Pour conclure, je veux rendre hommage à la mobilisation de l’ensemble du personnel – titulaires, contractuels ou recrutés locaux – de votre ministère, en poste à l’étranger comme en France, à commencer par vous, monsieur le ministre, sans oublier nos conseillers des Français de l’étranger et les associations, qui n’ont pourtant pas été épargnés.
Cette mobilisation de nos réseaux et de nos relais locaux a permis le retour de plus de 370 000 Français. Elle assure la sécurité tant de nos ressortissants que de nos représentations.
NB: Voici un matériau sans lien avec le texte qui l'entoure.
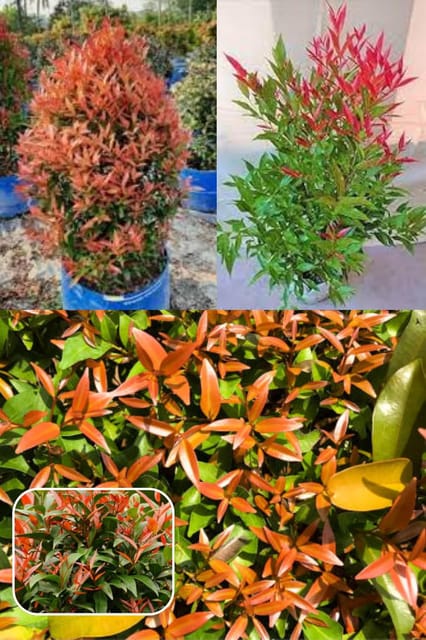 Syzygium Campanulatum, Christina Tree  Plant (Height 1.5-2 Feet). Hardy And Fast-Growing,Copper-Red Or Pink Before Maturing To Deep Green, 1 Healthy Plant For Home Garden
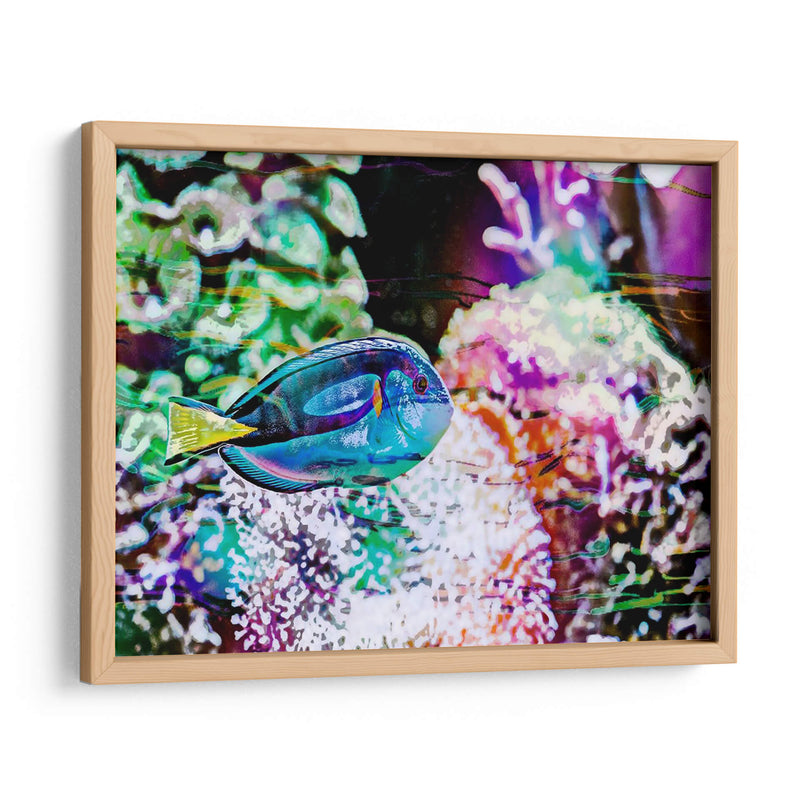 Reef Vibrante Vi - Paul McCreery | Cuadro decorativo de Canvas Lab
Elle fait vivre la citoyenneté de nos compatriotes, grâce au service public de nos consulats et aux élections qu’elle permet d’organiser. Elle fait partager nos valeurs et notre langue dans notre réseau culturel et éducatif. Elle aide au développement des pays où nous sommes présents.
L’une des leçons à tirer de la crise sanitaire qui nous touche est l’utilité d’un service public solide, qui protège et apporte son soutien quand tout semble s’écrouler.
On ne peut pas compter sur le seul engagement et sur le seul dévouement du personnel, même si ce dernier a démontré qu’il avait su se mobiliser au pic de la crise et révéler ainsi la résilience de nos réseaux diplomatique, consulaire, culturel et éducatif. Donnons-lui donc les moyens de continuer.